To enable region-level commit, each TE and SM in the database must run with the following argument:
This argument specifies that write transactions cannot commit until at least n regions have acknowledged the write. The following is an example using this argument to start a SM:
java -jar nuodbmanager.jar --broker host1.foo.com --password bar --command "start process sm host host1.foo.com database inventory archive /var/archive initialize yes options '--commit region:2'"
This section describes the results of the Jepsen stress test run against a NuoDB database configured with three regions and setup with a region level commit requirement of at least two regions. The goal of this experiment is to show how a running NuoDB database can sustain the loss of one a region while handling insert transactions. A real life analogy to this experiment is a database handling inserts across three major US cities at which point, one city is completely isolated due to a major network failure.
The database was configured to run on five different hosts which represents data centers in the US cities New York, LA, and Boston:
Each host was provisioned with a NuoDB Broker using the --region flag that corresponds to it's region:
dottavio@nyc$ java -jar nuoagent.jar --bin-dir /opt/nuodb/bin --broker --port 17600 --domain jepsen --password jepsen --region NYC dottavio@la$ java -jar nuoagent.jar --bin-dir /opt/nuodb/bin --broker --port 17600 --domain jepsen --password jepsen --region LA dottavio@bos$ java -jar nuoagent.jar --bin-dir /opt/nuodb/bin --broker --port 17600 --domain jepsen --password jepsen --region BOS
The NYC and LA regions each contained one SM and two TEs. The BOS region, representing a smaller datacenter, had one SM and one TE. Each SM and TE used the --commit region flag as follows:
# SM example java -jar /opt/nuodb/jar/nuodbmanager.jar --broker nyc.foo.com --password jepsen --command "start process sm host nyc.nuodb.com database jepsen archive /var/archive initialize yes options '--ping-timeout 30 --commit region:2'"
# TE example java -jar /opt/nuodb/jar/nuodbmanager.jar --broker nyc.foo.com --password jepsen --command "start process te host nyc.nuodb.com database jepsen options '--ping-timeout 30 --commit region:2'"
By specifying a region '2' commit, write transactions will only commit if 2 of the 3 cities (i.e., regions) are available.
The argument --ping-timeout enables NuoDB's failure detection system.

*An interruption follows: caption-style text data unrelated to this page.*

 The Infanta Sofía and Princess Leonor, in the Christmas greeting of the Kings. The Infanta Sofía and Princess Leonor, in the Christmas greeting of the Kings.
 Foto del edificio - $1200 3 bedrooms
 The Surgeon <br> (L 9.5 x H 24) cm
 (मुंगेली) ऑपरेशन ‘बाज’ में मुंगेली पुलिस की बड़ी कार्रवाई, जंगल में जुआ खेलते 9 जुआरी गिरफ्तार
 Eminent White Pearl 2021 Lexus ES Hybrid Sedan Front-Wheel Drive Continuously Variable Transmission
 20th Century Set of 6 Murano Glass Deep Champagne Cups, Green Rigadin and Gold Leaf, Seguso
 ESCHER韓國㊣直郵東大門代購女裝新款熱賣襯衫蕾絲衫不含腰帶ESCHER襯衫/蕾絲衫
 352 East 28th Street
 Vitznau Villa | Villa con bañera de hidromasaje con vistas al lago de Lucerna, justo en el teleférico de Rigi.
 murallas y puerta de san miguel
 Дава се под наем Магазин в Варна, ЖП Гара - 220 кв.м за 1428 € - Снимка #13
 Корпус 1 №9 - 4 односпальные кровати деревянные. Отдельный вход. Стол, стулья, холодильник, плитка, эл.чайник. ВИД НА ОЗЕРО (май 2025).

This feature will shutdown minority partitions of the database when network partitions occur. In the context of this experiment, if regions of the database become isolated they will be removed from the database. For a more detailed description of NuoDB's failure detection see our Failure Detection techblog entry.
A query to NuoDB's system table shows a more detailed description of the database and its regions:
select address, port, georegion from system.nodes order by georegion;
ADDRESS TYPE GEOREGION -------------------- ----------- ---------- bos.nuodb.com Storage BOS bos.nuodb.com Transaction BOS la1.nuodb.com Storage LA la2.nuodb.com Transaction LA nyc1.nuodb.com Transaction NYC nyc2.nuodb.com Storage NYC
Jepsen was configured to partition the LA region from NYC and BOS. The command line to run jepsen was as follows:
lein run nuodb -f partition -u <username> -p <passwd> -X insert -t 17600
The above command will run jepsen against using NuoDB using inserts on port 17600. The '-f partition' argument specifies that a network partition (i.e., the LA region) will occur while inserts are generated.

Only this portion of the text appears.